Exercise aim | Reproduce the listing in full. Omit the pictures.

Supplied data |
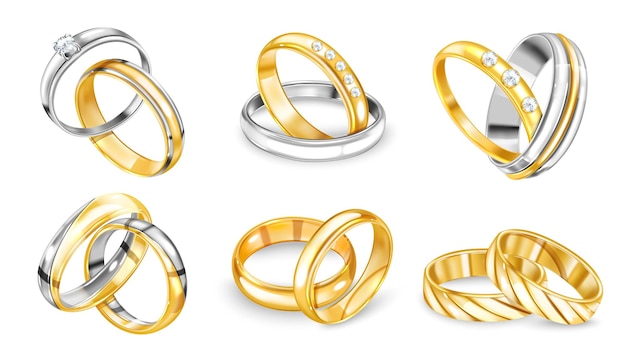 Vetor grátis pares de anéis de casamento ou noivado de ouro ilustração vetorial isolada realista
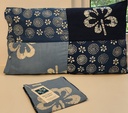 SET PILLOW COVER, BLUE, BATIK FLOWER, COTTON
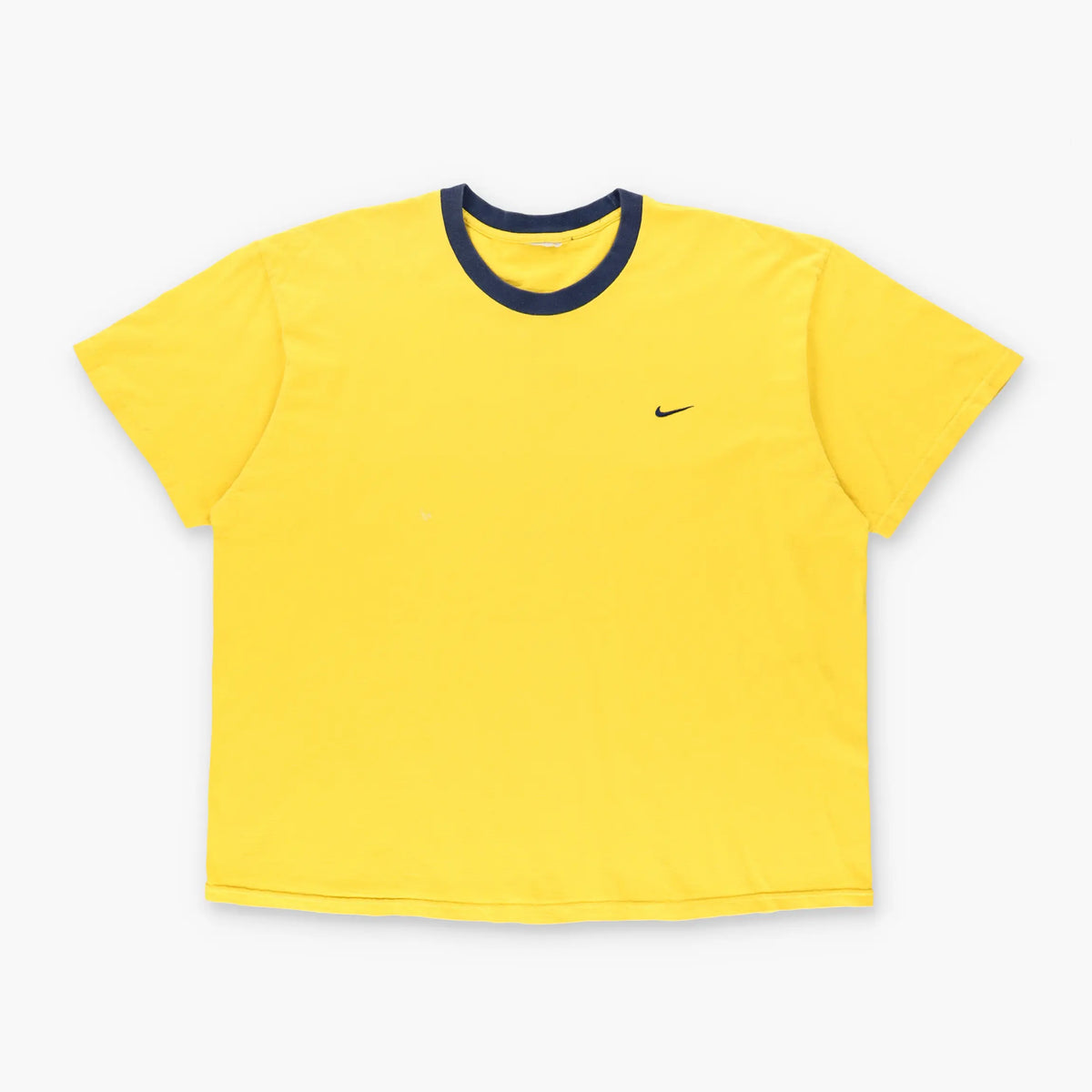 NIKE Yellow & Navy Embroidered Swoosh Logo T-Shirt (L) Vintage Sole Melbourne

Result for this exercise |
 Vetor grátis pares de anéis de casamento ou noivado de ouro ilustração vetorial isolada realista
 SET PILLOW COVER, BLUE, BATIK FLOWER, COTTON
 NIKE Yellow & Navy Embroidered Swoosh Logo T-Shirt (L) Vintage Sole Melbourne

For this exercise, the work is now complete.